I have been told by multiple people who have used Windows with TCC driver and Linux on the same hardware platform is that Windows with the TCC driver offers a bit better performance due to overall slightly lower overhead. Some actual performance numbers I was shown indicated that the differences were tiny and not practically relevant. I consider performance differences under 2% noise.

I have never observed minimum kernel launch times below the 5 microsecond mark on any OS platform supported by CUDA, with any driver. Of course, you don’t have to rely on other people’s observations and can just give it a try yourself if you use a GPU that is supported by the TCC driver.

Maybe I am misunderstanding what Solarflare writes about their products, but on their website I read (emphasis mine):

I think it is unlikely that a kernel launch is strictly a send operation. At minimum, so blocking APIs can work and for the proper handling of (circular) command buffers, a GPU should send notifications indicating completed work units back to the CPU. So a launch is presumably of the form “process notifications received from GPU for completed previous work, then send data to GPU for new work”. The latency of a kernel launch would therefore be equivalent to the half round trip latency quoted for network cards. I admit this is (hopefully intelligent) speculation.

If you don’t want to rely on speculation, you could hook up a logic analyzer to the PCIe interconnect and study the traffic patterns as you are blasting a stream of kernel launches to the GPU.

frankly I don’t know if it’s transferable to GPUs but they are delivering packets from the NIC over the PCIe bus to a user application in under 1us. Mellanox is down around 600us. To get below this we keep application logic entirely on the nic to avoid the bus. Notwithstanding we are already under 2us return trip to user space and have been for at least 7 years.

Re: solar flare as I said you need to read about the various driver modes. Eg:

Onload is a high-performance POSIX compliant network stack from Solarflare that dramatically reduces latency and x86 utilization, while increasing throughput and reducing latency. Onload supports TCP/UDP/IP network protocols by providing a standard Berkley Sockets Direct (BSD) Application Programming Interface (API), and requires no modifications to end user applications.
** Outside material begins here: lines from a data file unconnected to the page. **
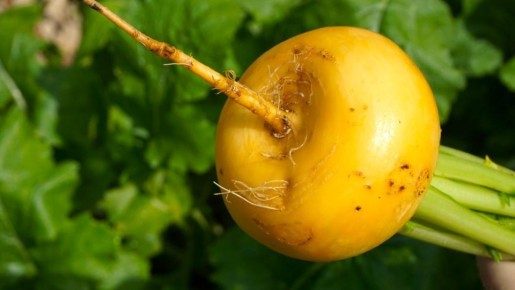 ���� ������������: ������ ���� ������� ��������� ������ ������ ����� ����� �� ����� �����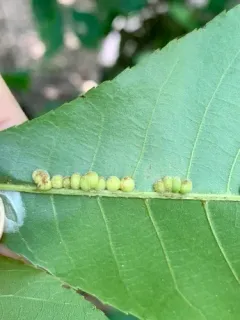 Hickory Peach-haired Gall Midge thumbnail 3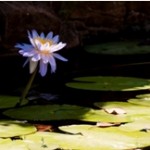 peace flower peace flower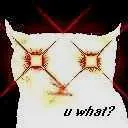 bruh_cat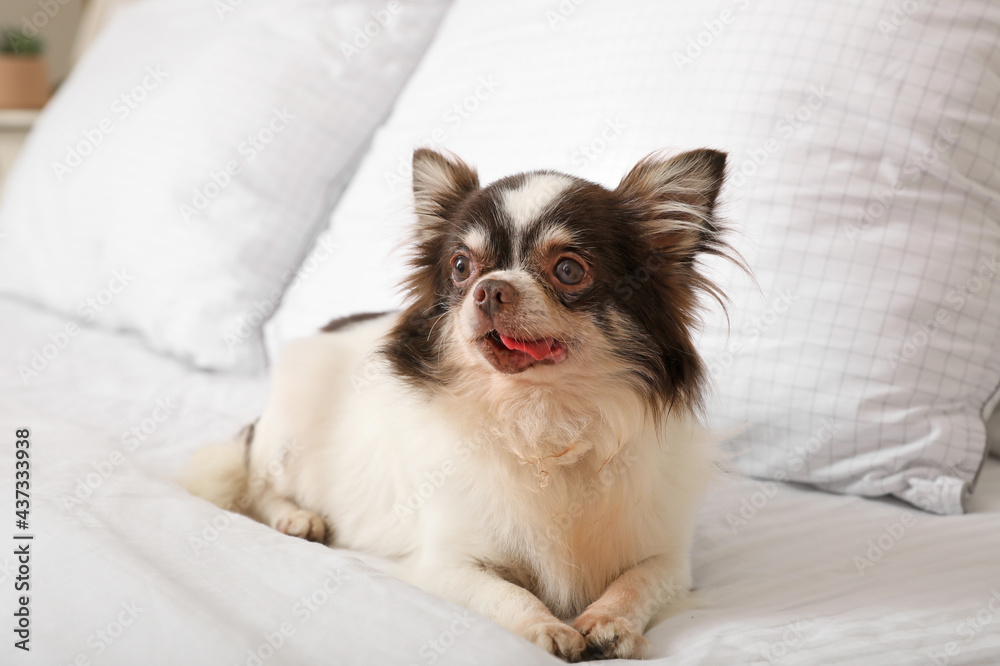 Cute chihuahua dog on bed at home Cute chihuahua dog on bed at home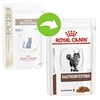 Image de Royal Canin Veterinary Diet Gastro Intestinal - Sachets pour chat - 12 x 85g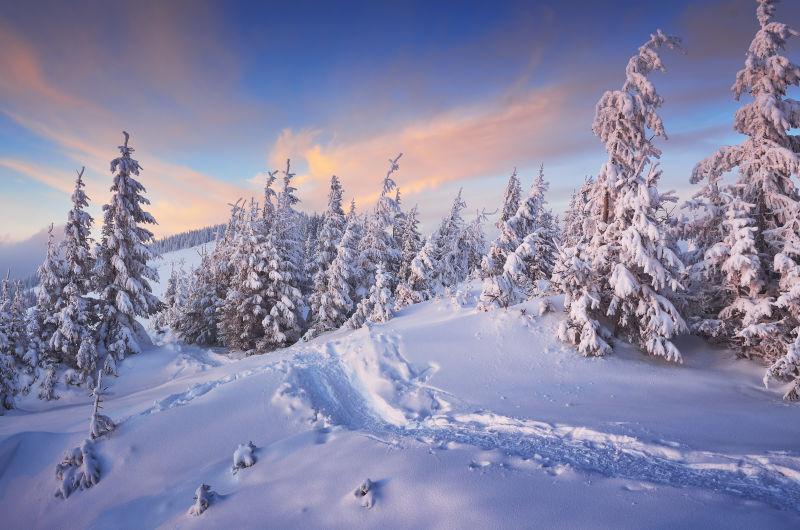 雪下的冷杉树风景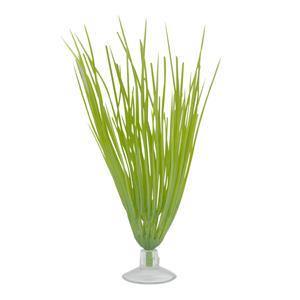 Marina Betta Hairgrass Plant with Suction Cup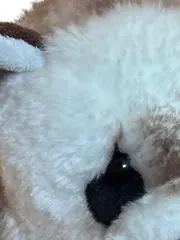 Vorschaubild 3 von Schmusetuch Waschbär meliert beige Kinder Baby Kuscheltuch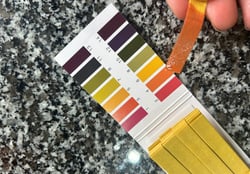 checking the pH against a colour chart, pH4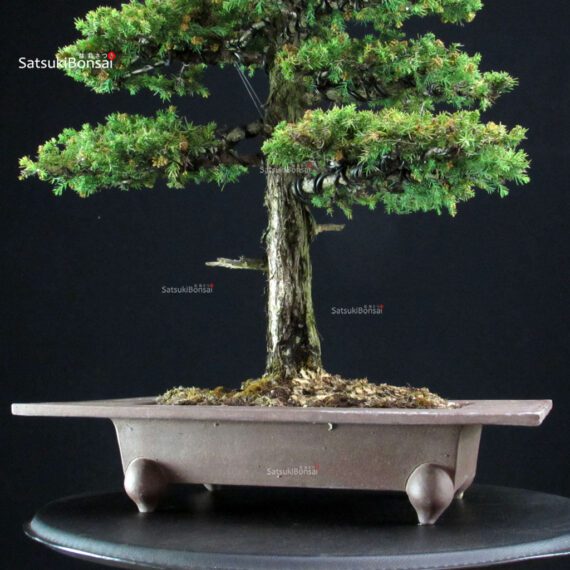 Cryptomeria Japonica VENDUTO - immagine 6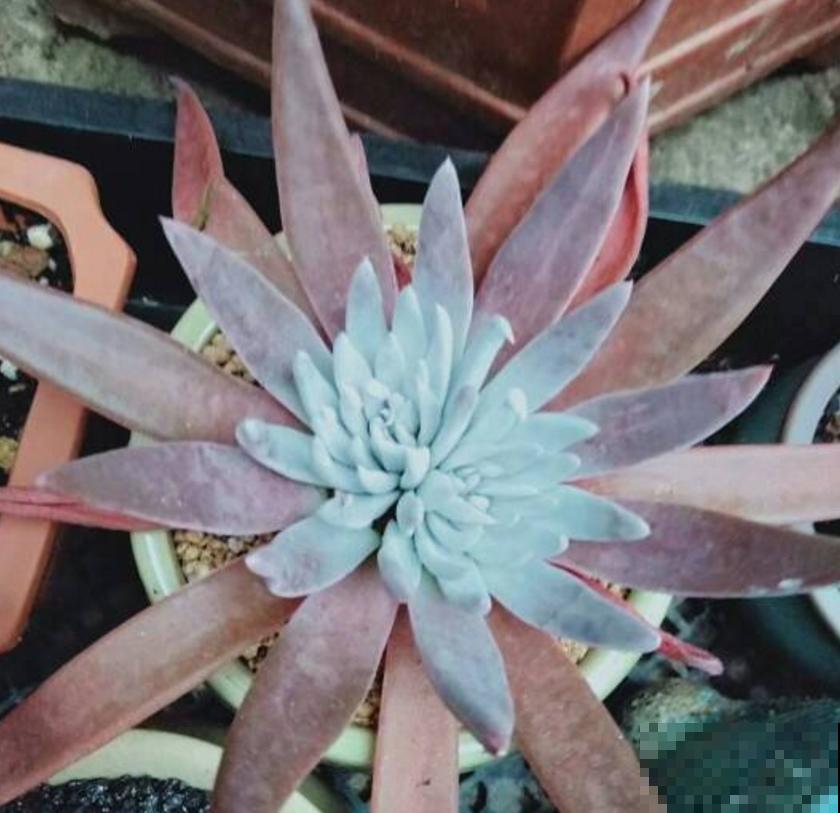 仙女杯养不好？生根太慢，催一催就好！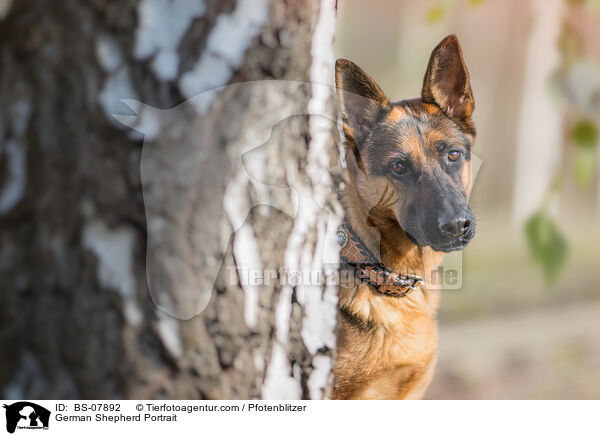 Deutscher Schferhund Portrait / German Shepherd Portrait / BS-07892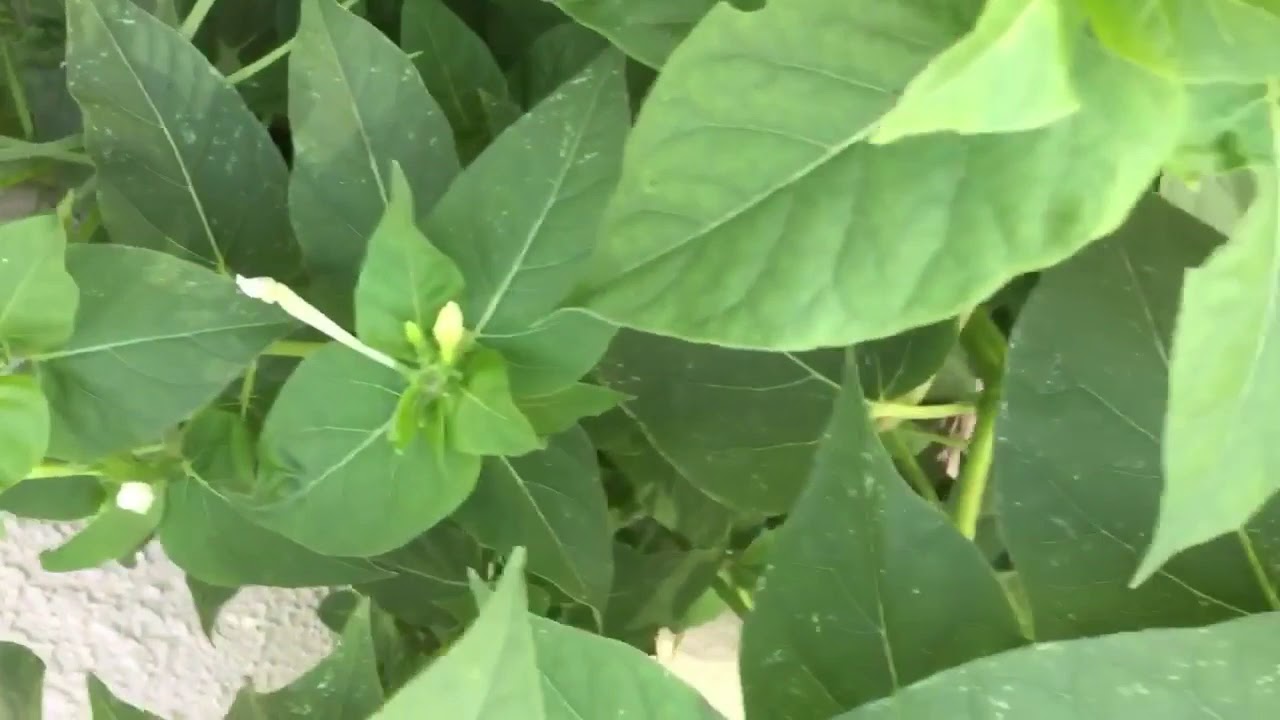 Beneficios de la hoja de maravilla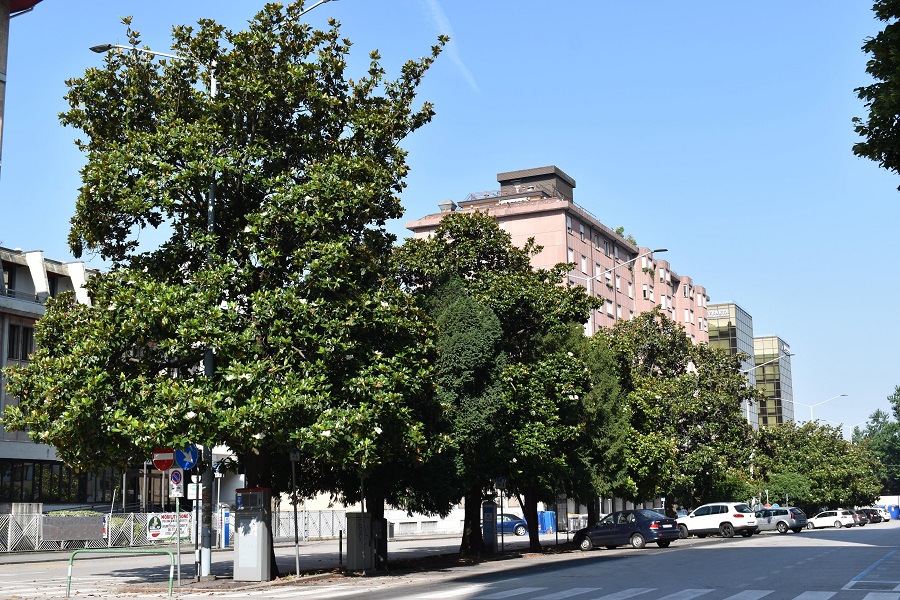 Magnolia grandiflora 5 Giu18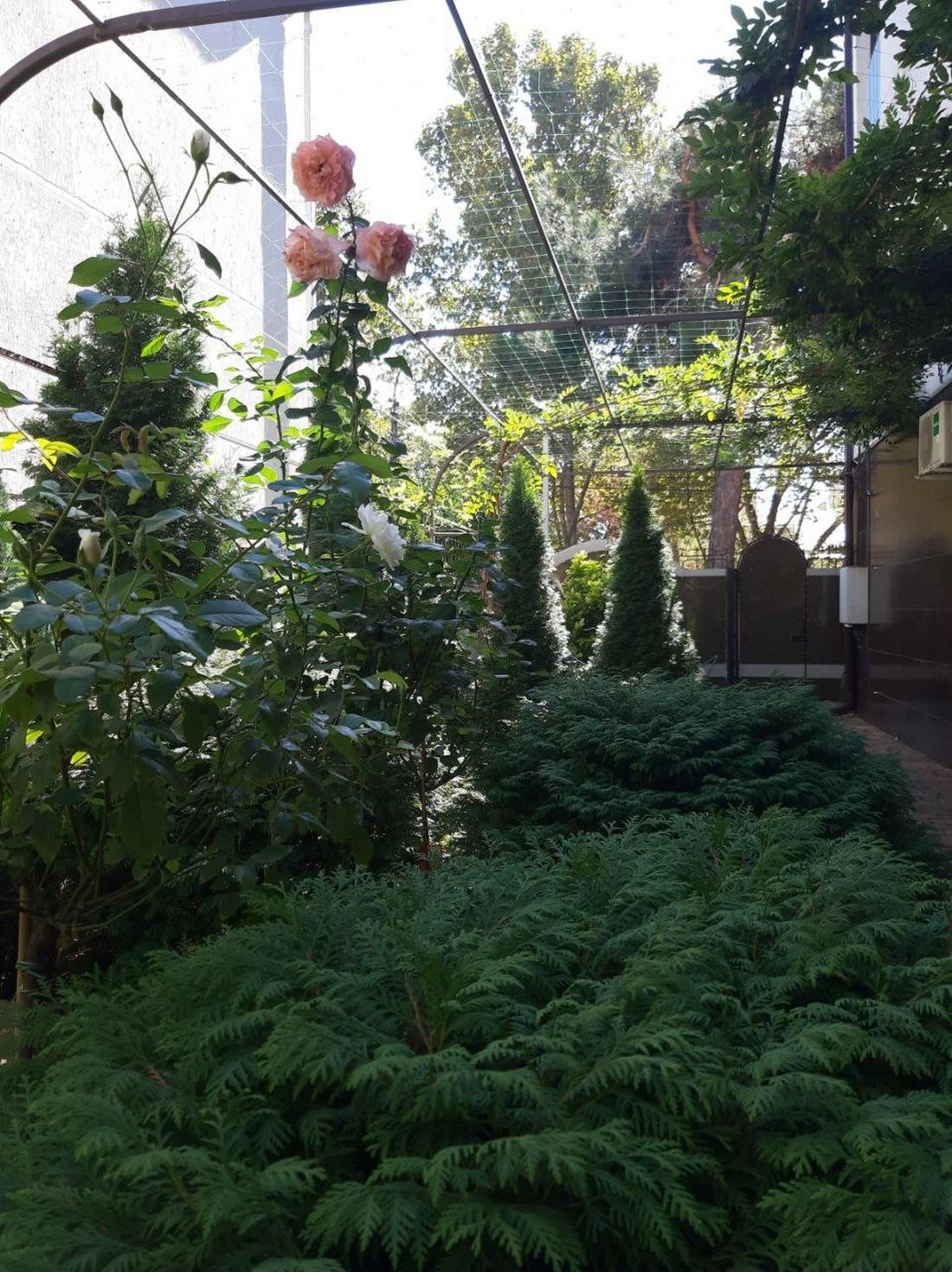 Фото 5 Причин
Onload delivers half round trip latency in the 1,000 nanosecond range, by contrast the typical kernel stack latency is about 7,000 nanoseconds. It achieves these performance improvements in part by performing network processing in user, bypassing the OS kernel entirely, reducing the number of data copies, and kernel context switches.

Well, I grabbed the top-most advertised number from the website. If the marketing people at Solarflare know what they are doing, they will put the most relevant result there :-)

This is for receiving, not for sending. Therefore I am not sure how this relates to kernel launches. We know for sure that kernel launches must include a send operation, and they may include a receive operation by reasonable conjecture.

In any event, I don’t think we will resolve the issue of minimal kernel launch latency in this forum thread. You might consider filing a request for enhancement with NVIDIA, or if your application relies crucially on lowering the launch latency and you are (directly or indirectly) responsible for a purchasing decision on a good-sized batch of GPUs, maybe contact NVIDIA directly at one of their sales offices. Money talks.